Smaller meat portions and protein alternatives
Contrary to an American meal, meat takes the backseat in many traditional African meals. By consuming smaller meat portions, one can avoid the high levels of fat, salt, and other harmful process chemicals linked with cardiovascular disease. In addition to minimizing meat in general, the African Heritage diet advises consuming mostly fish and seafood, which are less fatty and more sustainably for the environment. Fatty meat and red meats have been linked to cancer, another reason why they may not appear in the African Heritage Pyramid.

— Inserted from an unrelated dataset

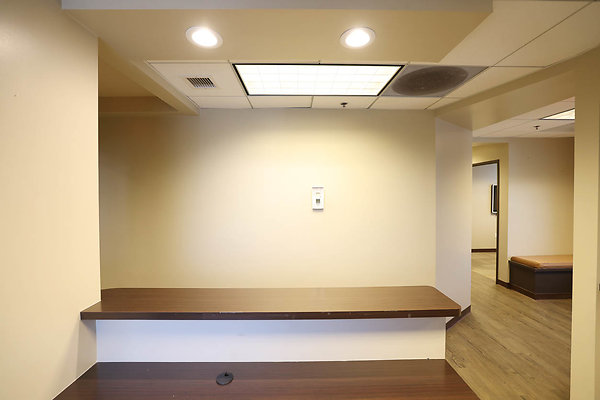 001B Suite200 Business-Med Records 0172 001B Suite200 Business-Med Records 0172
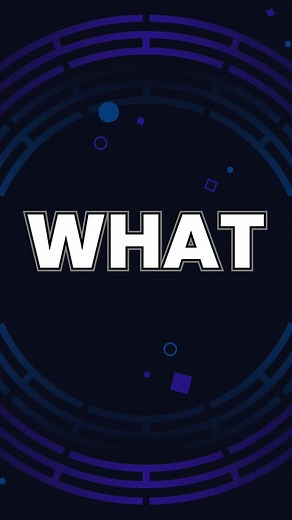 NEW JERSEY Starter Pokemon? #pokemon #fakemon #fyp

African diets are not without adequate sources of protein, however. Traditional dishes include plant-based protein sources, such as nuts, seeds, legumes, pinto beans, and peas. According to Harvard’s Chan School of Public Health, plant-based protein sources are preferable to animal-based protein. Plant-based protein sources are unsaturated, which lowers LDL cholesterol – an established risk factor for heart disease.
Despite the ancestral African diet being plant-based for hundreds (most likely thousands) of years, meat consumption is on the rise. This “nutrition transition” can be explained by a shift in dietary consumption that coincides with economic development. As global food corporations (often fast food companies) expand into places such as Africa, many communities are shifting away from grain and fiber-rich diets toward processed meat-heavy Western dietary patterns.
Unfortunately, this means that these communities are beginning to experience obesity, diabetes, and other chronic diseases at higher rates. As these alarming trends continue, it is more important than ever for people to receive education on healthy behaviors and begin to adopt diets that reverse and prevent disease, rather than increase it.